Tamim told Emirati newspaper The National that the investigation revealed Mossad, Israel's spy agency, to be behind the murder.
But Israel played down the diplomatic disagreement following the killing of a top Hamas commander in Dubai by alleged Mossad agents caught on camera and carrying European passports.
"It is important to note that no one (formally) accuses Israel.

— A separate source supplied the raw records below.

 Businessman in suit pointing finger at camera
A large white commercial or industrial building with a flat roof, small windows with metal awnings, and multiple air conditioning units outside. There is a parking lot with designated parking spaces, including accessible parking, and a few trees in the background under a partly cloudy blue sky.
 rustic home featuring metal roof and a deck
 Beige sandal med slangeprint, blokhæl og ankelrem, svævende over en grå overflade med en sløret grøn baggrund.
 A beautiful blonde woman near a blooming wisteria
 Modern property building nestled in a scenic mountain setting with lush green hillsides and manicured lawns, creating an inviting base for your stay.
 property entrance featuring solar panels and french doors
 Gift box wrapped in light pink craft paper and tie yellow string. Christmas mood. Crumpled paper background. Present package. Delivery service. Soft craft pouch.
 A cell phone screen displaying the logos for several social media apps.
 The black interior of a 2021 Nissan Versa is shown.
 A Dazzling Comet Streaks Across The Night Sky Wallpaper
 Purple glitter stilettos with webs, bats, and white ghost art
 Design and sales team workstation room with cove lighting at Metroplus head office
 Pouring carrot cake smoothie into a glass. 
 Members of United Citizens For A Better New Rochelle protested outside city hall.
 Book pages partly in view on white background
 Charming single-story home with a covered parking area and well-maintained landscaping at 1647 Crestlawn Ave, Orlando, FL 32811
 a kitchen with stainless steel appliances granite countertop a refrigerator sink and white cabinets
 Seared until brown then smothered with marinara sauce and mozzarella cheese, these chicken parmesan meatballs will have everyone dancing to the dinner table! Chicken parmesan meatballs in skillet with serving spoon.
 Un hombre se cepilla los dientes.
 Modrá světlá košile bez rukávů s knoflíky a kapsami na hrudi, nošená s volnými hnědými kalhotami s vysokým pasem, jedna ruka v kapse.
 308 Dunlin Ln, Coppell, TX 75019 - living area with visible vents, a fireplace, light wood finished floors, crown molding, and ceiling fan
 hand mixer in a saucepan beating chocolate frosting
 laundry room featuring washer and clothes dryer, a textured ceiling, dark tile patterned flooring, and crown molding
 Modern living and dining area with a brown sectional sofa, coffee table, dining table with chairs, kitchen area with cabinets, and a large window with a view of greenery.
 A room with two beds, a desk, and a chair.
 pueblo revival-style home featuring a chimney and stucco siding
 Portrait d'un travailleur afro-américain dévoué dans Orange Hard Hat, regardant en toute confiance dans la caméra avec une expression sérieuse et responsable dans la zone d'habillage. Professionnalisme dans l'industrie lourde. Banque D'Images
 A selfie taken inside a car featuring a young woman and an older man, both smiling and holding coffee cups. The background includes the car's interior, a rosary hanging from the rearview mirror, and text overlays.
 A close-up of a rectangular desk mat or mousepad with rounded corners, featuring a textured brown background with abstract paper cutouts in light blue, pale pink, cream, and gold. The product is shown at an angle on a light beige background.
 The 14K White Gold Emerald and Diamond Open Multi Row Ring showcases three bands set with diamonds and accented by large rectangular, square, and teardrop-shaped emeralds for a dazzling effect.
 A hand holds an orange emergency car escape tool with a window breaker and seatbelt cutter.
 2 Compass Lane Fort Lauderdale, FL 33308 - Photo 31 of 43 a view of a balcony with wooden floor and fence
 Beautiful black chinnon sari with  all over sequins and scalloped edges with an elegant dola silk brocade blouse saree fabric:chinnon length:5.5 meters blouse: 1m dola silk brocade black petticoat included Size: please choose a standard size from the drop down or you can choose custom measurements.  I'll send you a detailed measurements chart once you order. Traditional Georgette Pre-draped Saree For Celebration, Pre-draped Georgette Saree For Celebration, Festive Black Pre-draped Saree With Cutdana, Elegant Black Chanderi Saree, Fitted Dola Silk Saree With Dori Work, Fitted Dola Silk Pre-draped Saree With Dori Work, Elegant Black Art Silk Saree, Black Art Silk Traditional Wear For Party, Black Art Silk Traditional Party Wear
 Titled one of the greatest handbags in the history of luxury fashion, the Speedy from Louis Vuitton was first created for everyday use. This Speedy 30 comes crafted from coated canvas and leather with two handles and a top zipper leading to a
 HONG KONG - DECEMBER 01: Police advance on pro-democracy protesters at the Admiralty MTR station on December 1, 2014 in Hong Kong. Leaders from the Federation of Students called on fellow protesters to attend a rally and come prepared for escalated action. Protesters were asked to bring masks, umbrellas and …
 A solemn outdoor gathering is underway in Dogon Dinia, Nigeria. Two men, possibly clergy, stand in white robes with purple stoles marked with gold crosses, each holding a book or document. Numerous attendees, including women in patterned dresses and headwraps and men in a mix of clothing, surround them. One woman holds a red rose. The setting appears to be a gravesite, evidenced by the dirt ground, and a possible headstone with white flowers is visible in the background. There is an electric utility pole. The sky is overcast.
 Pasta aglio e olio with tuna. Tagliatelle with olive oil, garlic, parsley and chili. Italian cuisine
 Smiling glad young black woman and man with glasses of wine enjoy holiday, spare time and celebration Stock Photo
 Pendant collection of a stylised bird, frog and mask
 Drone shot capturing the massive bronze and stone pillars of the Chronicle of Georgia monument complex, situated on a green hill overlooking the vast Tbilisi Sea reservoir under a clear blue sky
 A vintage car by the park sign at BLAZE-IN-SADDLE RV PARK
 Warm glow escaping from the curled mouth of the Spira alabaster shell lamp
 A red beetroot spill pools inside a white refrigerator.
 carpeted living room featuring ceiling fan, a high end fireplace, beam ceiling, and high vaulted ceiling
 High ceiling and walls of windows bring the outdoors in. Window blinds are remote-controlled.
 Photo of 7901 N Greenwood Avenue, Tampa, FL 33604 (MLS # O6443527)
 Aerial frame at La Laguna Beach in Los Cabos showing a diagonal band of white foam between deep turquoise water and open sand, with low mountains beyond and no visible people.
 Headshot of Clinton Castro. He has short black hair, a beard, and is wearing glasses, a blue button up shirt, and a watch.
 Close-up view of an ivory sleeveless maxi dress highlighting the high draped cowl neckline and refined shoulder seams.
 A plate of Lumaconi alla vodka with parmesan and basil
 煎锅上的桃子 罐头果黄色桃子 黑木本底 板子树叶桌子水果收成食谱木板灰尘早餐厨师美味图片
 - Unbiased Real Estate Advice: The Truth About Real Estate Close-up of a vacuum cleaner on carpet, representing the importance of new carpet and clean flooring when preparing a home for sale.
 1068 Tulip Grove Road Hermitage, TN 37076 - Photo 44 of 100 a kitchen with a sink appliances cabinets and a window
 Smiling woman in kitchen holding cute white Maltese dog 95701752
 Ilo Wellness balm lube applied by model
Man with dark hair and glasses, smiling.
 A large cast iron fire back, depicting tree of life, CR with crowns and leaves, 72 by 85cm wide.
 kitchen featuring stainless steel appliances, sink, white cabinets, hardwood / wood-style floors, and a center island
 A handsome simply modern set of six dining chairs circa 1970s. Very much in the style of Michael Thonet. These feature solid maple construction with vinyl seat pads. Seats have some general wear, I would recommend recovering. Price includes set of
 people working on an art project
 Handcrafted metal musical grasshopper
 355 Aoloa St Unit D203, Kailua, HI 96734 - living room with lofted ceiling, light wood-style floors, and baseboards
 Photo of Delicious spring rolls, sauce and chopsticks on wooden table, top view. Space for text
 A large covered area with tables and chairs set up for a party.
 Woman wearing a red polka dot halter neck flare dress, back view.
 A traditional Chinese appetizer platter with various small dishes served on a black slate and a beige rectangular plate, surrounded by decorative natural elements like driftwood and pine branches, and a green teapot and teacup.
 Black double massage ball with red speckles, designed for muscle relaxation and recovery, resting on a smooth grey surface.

There is no proof linking Israel to this affair," a senior official said ahead of a meeting on Thursday to which the Foreign Office in London invited Israel's ambassador.
The Israeli official, who asked not to be named, stressed that British authorities "have not summoned the ambassador but invited him for a discussion," showing Britain wanted to make it clear "there is no crisis."
Ireland also called in its Israeli ambassador.
The killing of Mahmoud al Mabhouh, a top militant of the Palestinian Islamist movement Hamas, last month while allegedly on a weapons purchasing trip to Dubai was widely blamed on Mossad.
Dubai police released the photos and names of 11 suspects with European passports - six from Britain, three from Ireland, one from Germany and one from France - alleged to be members of the hit squad.
In keeping with tradition, Mossad, which used agents with fake foreign passports for such operations in the past, kept mum on the affair.
Dubai's police chief also insisted Thursday the passports were genuine.
"Dubai's police investigation may present the Israeli government and intelligence with tough questions," Israeli newspaper Haaretz said.
The newspaper also asked in an editorial whether it was "proper to place in harm's way Israelis whose identities were ostensibly stolen and used by the assassins?"
British Prime Minister Gordon Brown on Wednesday pledged a "full investigation" of the passports affair.
But Israel's mass-selling Yediot Aharonot newspaper insisted Thursday "the European states whose passports were used cannot direct firm accusations at Israel before they know the facts clearly."
Foreign Minister Avigdor Lieberman said Thursday there was no reason to believe Mossad was involved, shrugging off suggestions that ties between Israel and Britain could be strained over the affair.
"There is no reason to think that it was the Israeli Mossad and not some other intelligence service or country up to some mischief," he said.
"I think Britain recognizes that Israel is a responsible country and that our security activity is conducted according to very clear, cautious and responsible rules of the game. Therefore we have no cause for concern."